Treatment of psoriasis and psoriatic arthritis with interferon gamma

Abstract

In a placebo-controlled double-blind randomized study, 24 patients with psoriatic arthritis were given 28 d of treatment, and in an open study, 56 patients were treated for 9 months. We treated patients with 100 micrograms IFN gamma per subcutaneous injections, which were given daily for the first 2 weeks and then 3 times per week. The principal criterion for evaluation of therapeutic success on arthritis was improvement of the Ritchie joint pain index by at least 25% in the double-blind and 30% in the long-term study.
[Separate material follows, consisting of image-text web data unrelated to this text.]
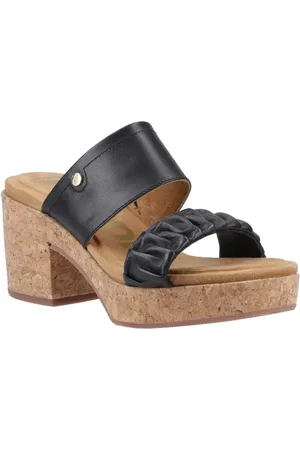 Hush Puppies Poppy Ruched Slide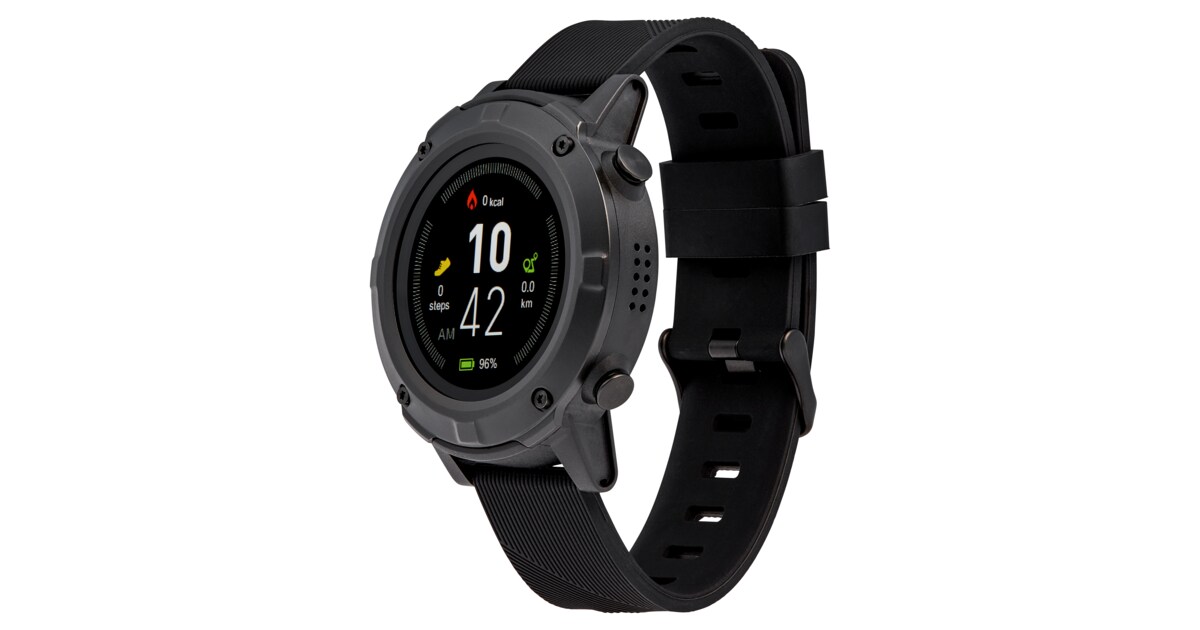 medion life gps sportuhr s2400 1 3 farbdisplay herzfrequenzmesser multi sport modi integriertes gps modul staub und wasserschutz nach ip68 medion at online shop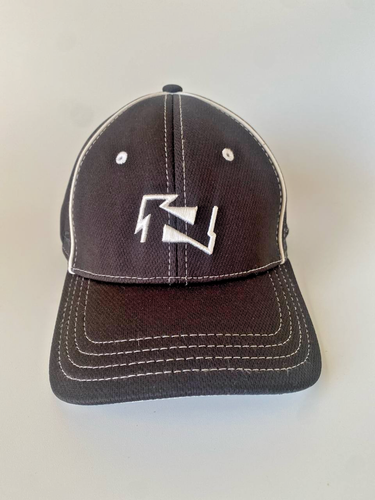 Norwesco Industries Pukka Headwear Strapback Hat Black White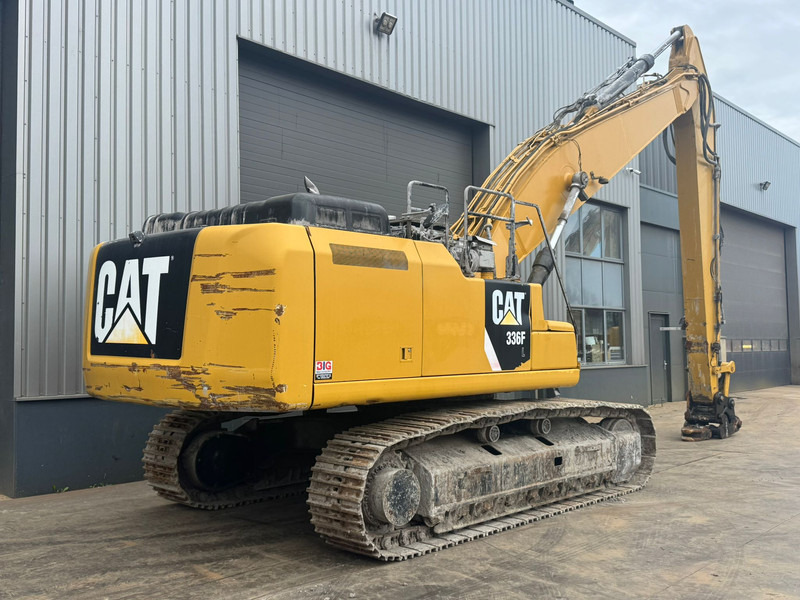 Caterpillar 336FL Tracked material handler - Crawler excavator: picture 5 Caterpillar 336FL Tracked material handler - Crawler excavator: picture 5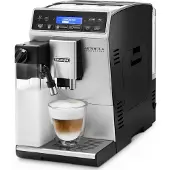 De'Longhi Autentica Cappuccino ETAM 29.660.SB - Automatisk kaffemaskin med melkeskummer - 14 kopper - sølv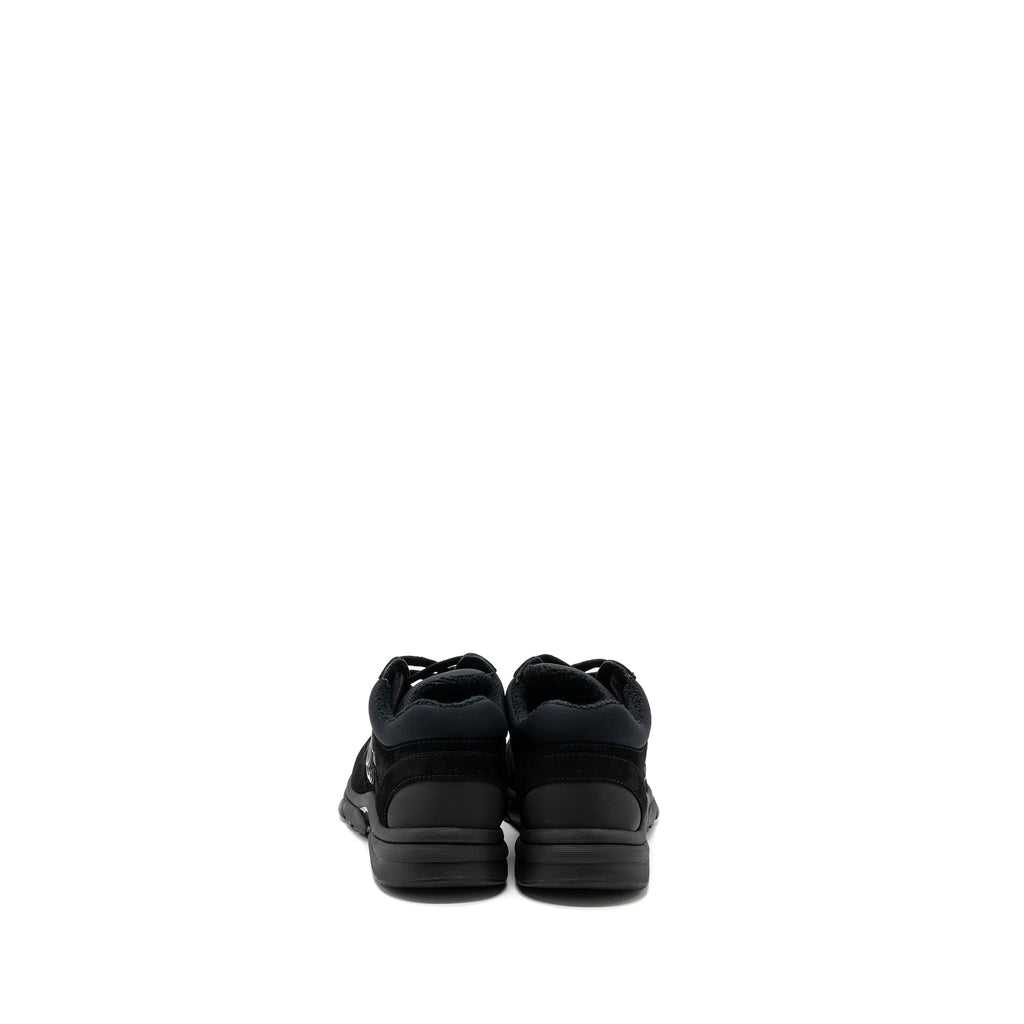 CHANEL TRAINERS/ SNEAKERS NYLON / SUEDE LEATHER BLACK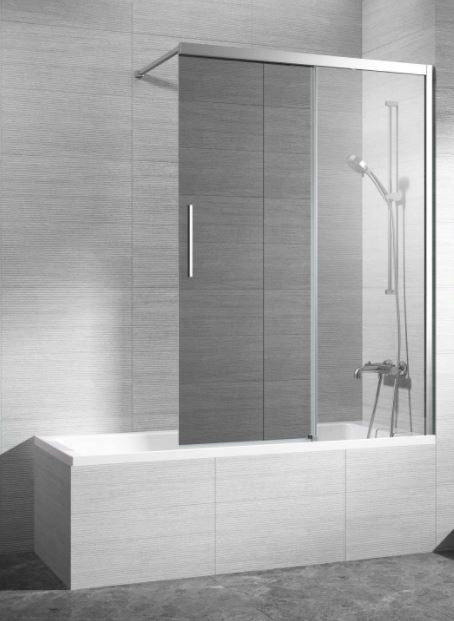 Metro Bath Slider Screen (Mirror Door)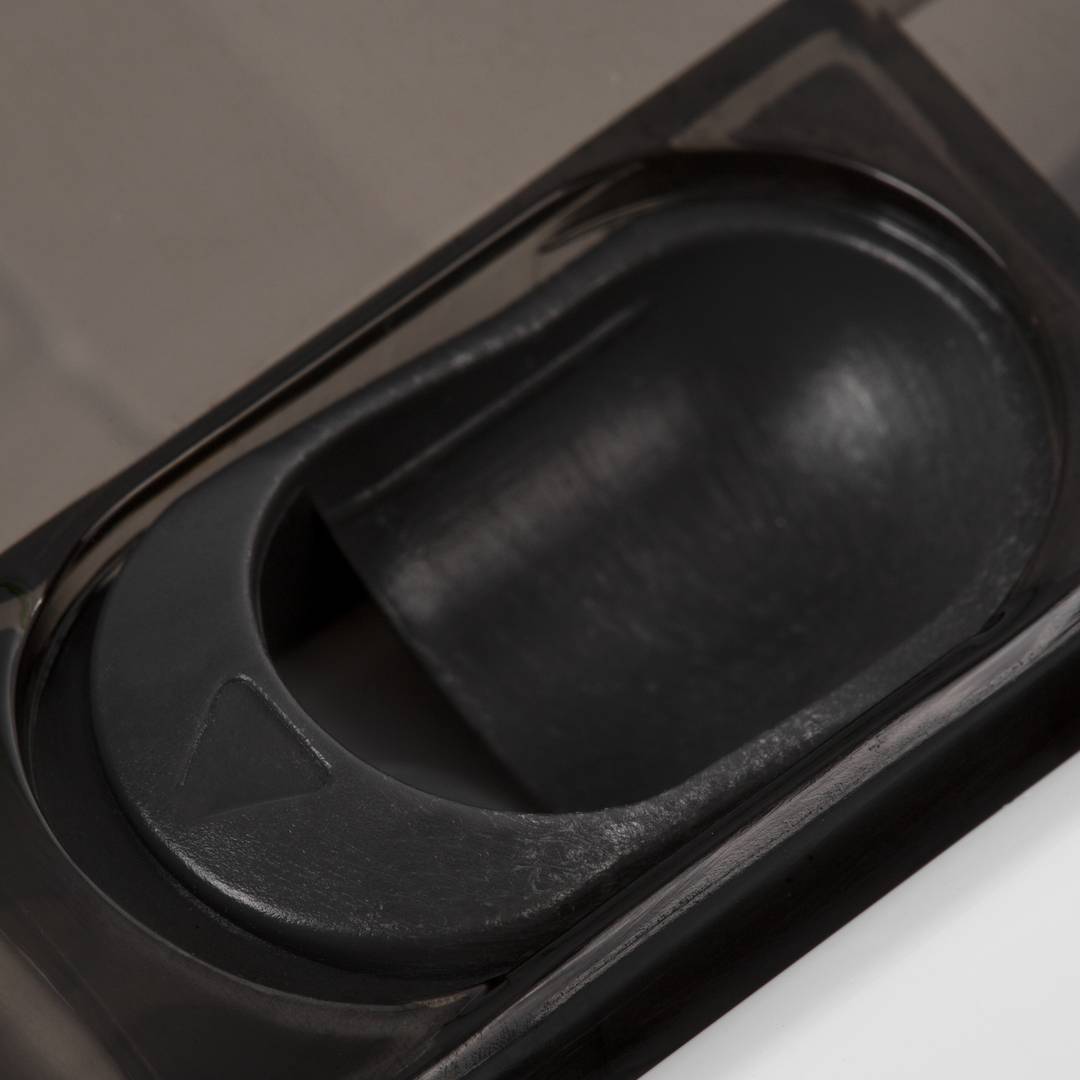 Caixa de distribuição elétrica de plástico ABS para superfície com 24 módulos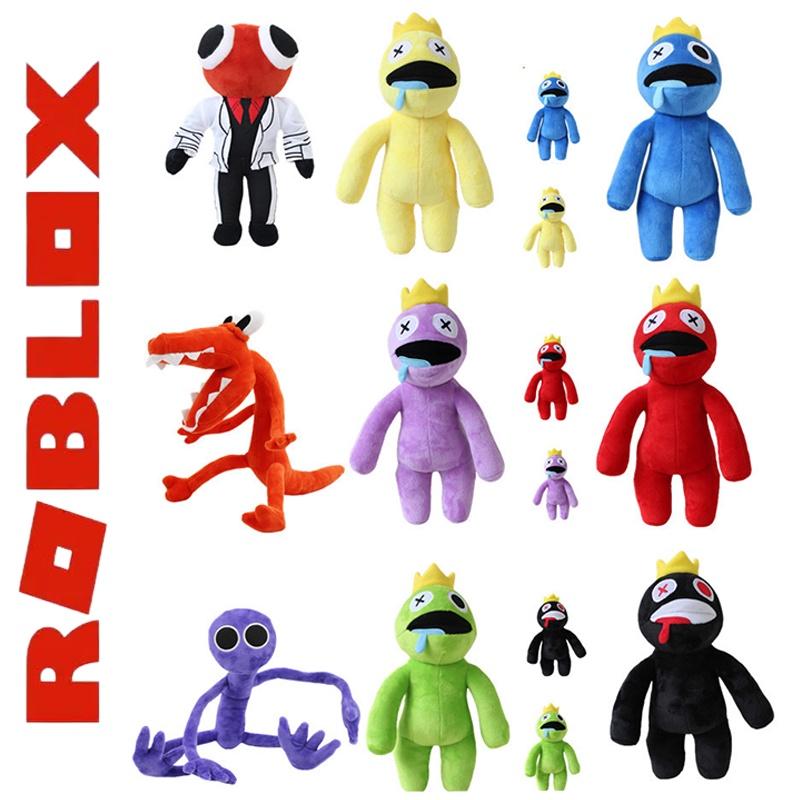 Roblox Rainbow Friends Plush Toy- Soft And Cuddly For Kids And Baby- Blue And Purple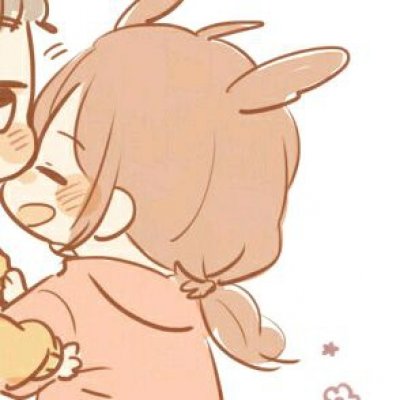 微信可爱卡通情侣头像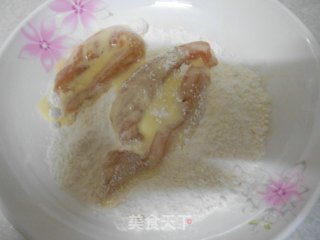 鸡肉卷的做法步骤：4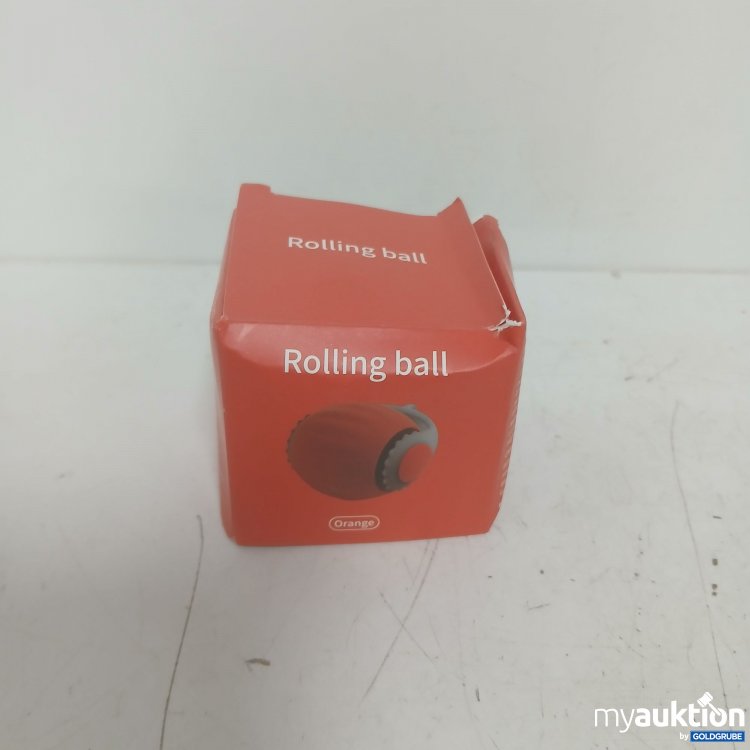 Artikel Nr. 903196: Rolling Ball Orange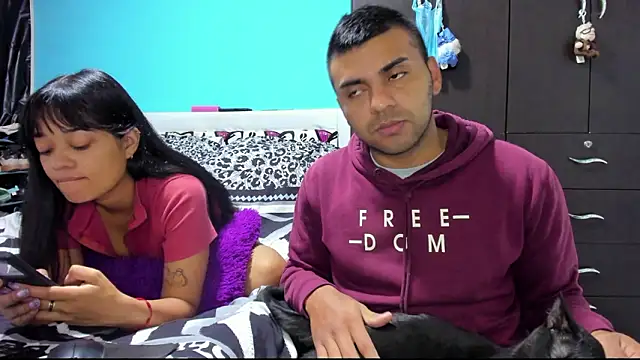 2ScarletandRyan8 online show from January 2026 10:07:01 AM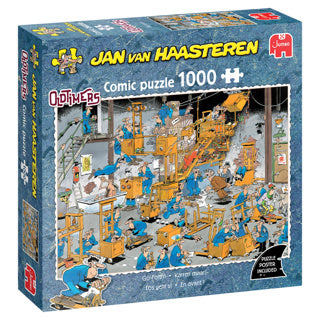 JVH Puzzle OldTimer Carts Endast 1000 stycken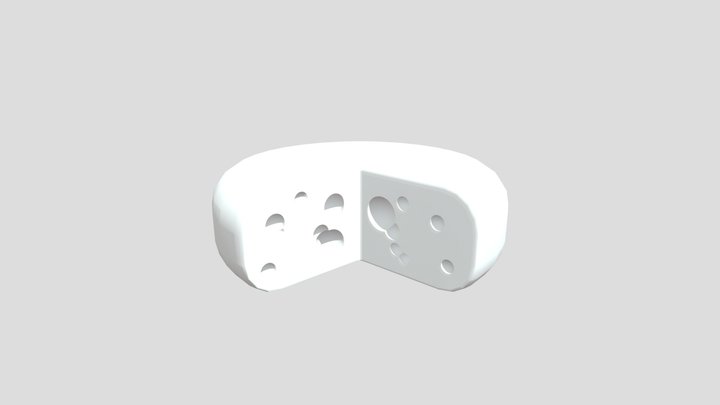 WheelofCheese 3D Model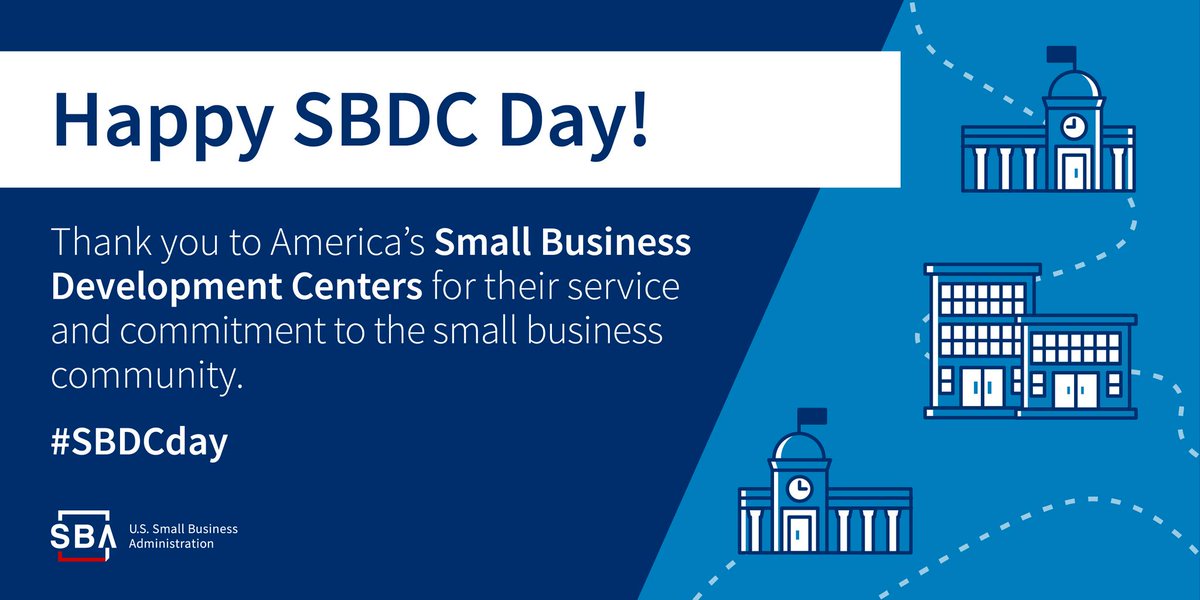 EntreSkills's tweet photo. Happy #SBDCDay! https://t.co/WeJz3mSxQf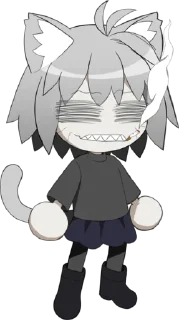 😙 emoji neco arc Telegram sticker 18 of 39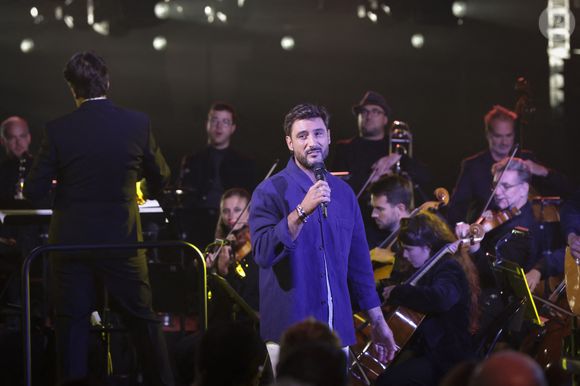 Exclusif - Jérémy Frerot, Tété - Enregistrement de l'émission "Le Grand Echiquier, Spéciale Outre-Mer", présentée par C.Chazal et A.Manoukian et diffusée le 31 octobre sur France 2
© Jack Tribeca / Bestimage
In the double-blind study, the interferon arm was superior to the placebo arm with a statistically significant, one-side error probability of less than 5% in the chi-square test. In the long-term study, IFN gamma caused an improvement in a portion of patients in the first 3 months of therapy. No further improvement was observed after the third month, and patients classified as responders in the first months showed a deterioration of the disease by continuing treatment. The humoral inflammatory parameters did not normalize during therapy. Regression of the skin manifestations could not be observed. IFN gamma is evidently capable of inducing a psoriasis on the injection site. Investigations of IFN gamma serum levels, IFN antibodies, 2'-5' A synthetase levels in serum, and mononuclear blood cells and NK cell activity under long-term therapy showed no explanation for the loss of efficacy after 3 months treatment.